With the same time scale, it is possible that Iraq will have
a relatively well-functioning constabulary force, rather
like the gendarmeries of Italy, France, and Spain--meaning,
units that combine some aspects of both the police and the
military. Note that would leave Iraq well short of having
a fully functioning military or police: it would only have
light infantry forces, rather than the full range of military
capabilities, and it would only have a gendarmerie rather
than a comprehensive police force. The realistic time frame
for a fully functioning army and police is more likely 2009-10
than 2007. It will take some years to bring up to speed armored
and artillery units, intelligence services, and the full
range of logistical and support services essential for a
modern military, such as transportation, supply, and medical
services, and even then, Iraq will not have much of an air
force. An unappreciated facet of the current Iraq conflict
is how U.S. domination of the air puts the insurgents on
the defensive, unable to operate in numbers for more than
brief intervals. It would be extraordinarily optimistic to
think that by 2010 Iraq would have an air force capable of
close air support operations; indeed, it seems unlikely Iraq
will have such a force by 2015. An essential part of this
scenario of a relatively stable Iraq, therefore, is that
the United States continues to provide important security
support, especially air cover but also including intensive
training and in-the-field advice, for years to come.
The
key test for these security forces will be whether they are
effective enough to convince Sunni Arabs that they cannot
take power, and that, therefore, they must accommodate to
the new realities by abandoning the insurgents (with whom
the Sunni Arabs still sympathize). So long as the U.S.-led
coalition forces are seen to be providing the real muscle,
insurgents are likely to hold on to the belief that if only
they outwait the United States, they will one day achieve
victory. Only if the insurgents see that their Iraqi opponents
are strong enough to defeat the insurgency on their own are
the insurgents as a whole likely to reconcile themselves
to the bitter reality that they cannot win power through
force of arms.
Simultaneous
with a better security situation, there would have to be
broader participation in the new political arrangements if
Iraq is to become a modest success. There would almost certainly
be a considerable role for Islam in public life, and the
Kurdish region would retain a very large degree of autonomy.

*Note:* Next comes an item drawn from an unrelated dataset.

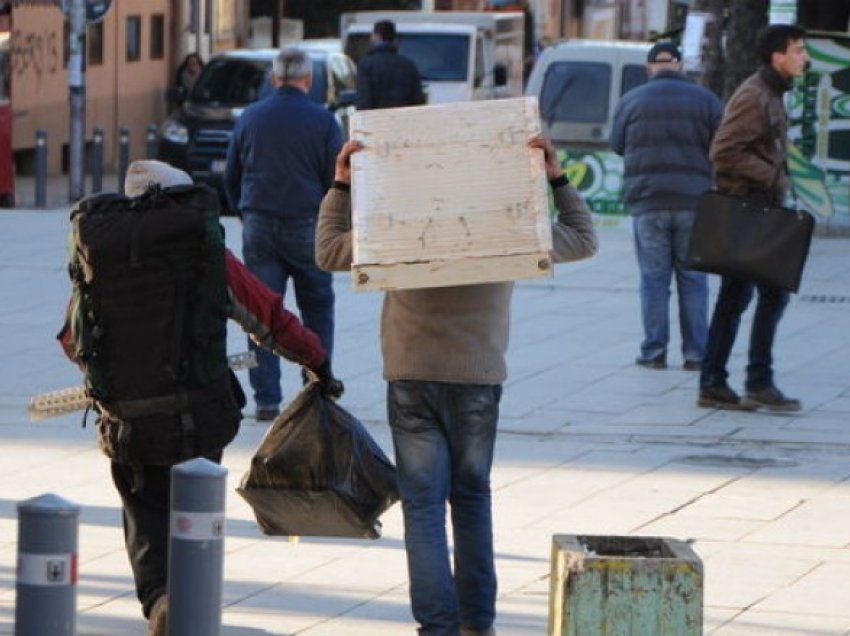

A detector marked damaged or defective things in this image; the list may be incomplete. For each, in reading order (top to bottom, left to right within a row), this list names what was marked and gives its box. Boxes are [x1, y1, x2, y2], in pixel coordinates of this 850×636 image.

rusty planter box [548, 536, 704, 632]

Also important will be how much Iraqi political forces are
prepared to compromise with each other. To be sure, even
under the best circumstances, in the next decade Iraq will
have more than imperfectly democratic institutions. Iraq--indeed,
the entire region--has little experience with compromise,
power-sharing, respect for minority rights, and all the other
elements necessary to make a democratic government work.
The concept of a loyal opposition which alternates in power
with the current ruling parties has not been part of the
Iraqis' political experience; consider how the Kurds since
1991 have carefully crafted power-sharing arrangements between
their two main parties rather than accepting that one of
the parties might rule and the other be a loyal opposition.
Even
in this optimistic case, the economy is one problem that
will continue to plague Iraq. Even if the security situation
improved sharply in the near future, continuing deadlocks
and long delays in making decisions have been the norm in
modern Iraqi history--its oil potential has several times
been held up by decades-long bitter disputes, and its oil
income has often accumulated unspent as the government was
unable to mobilize itself to carry out development projects.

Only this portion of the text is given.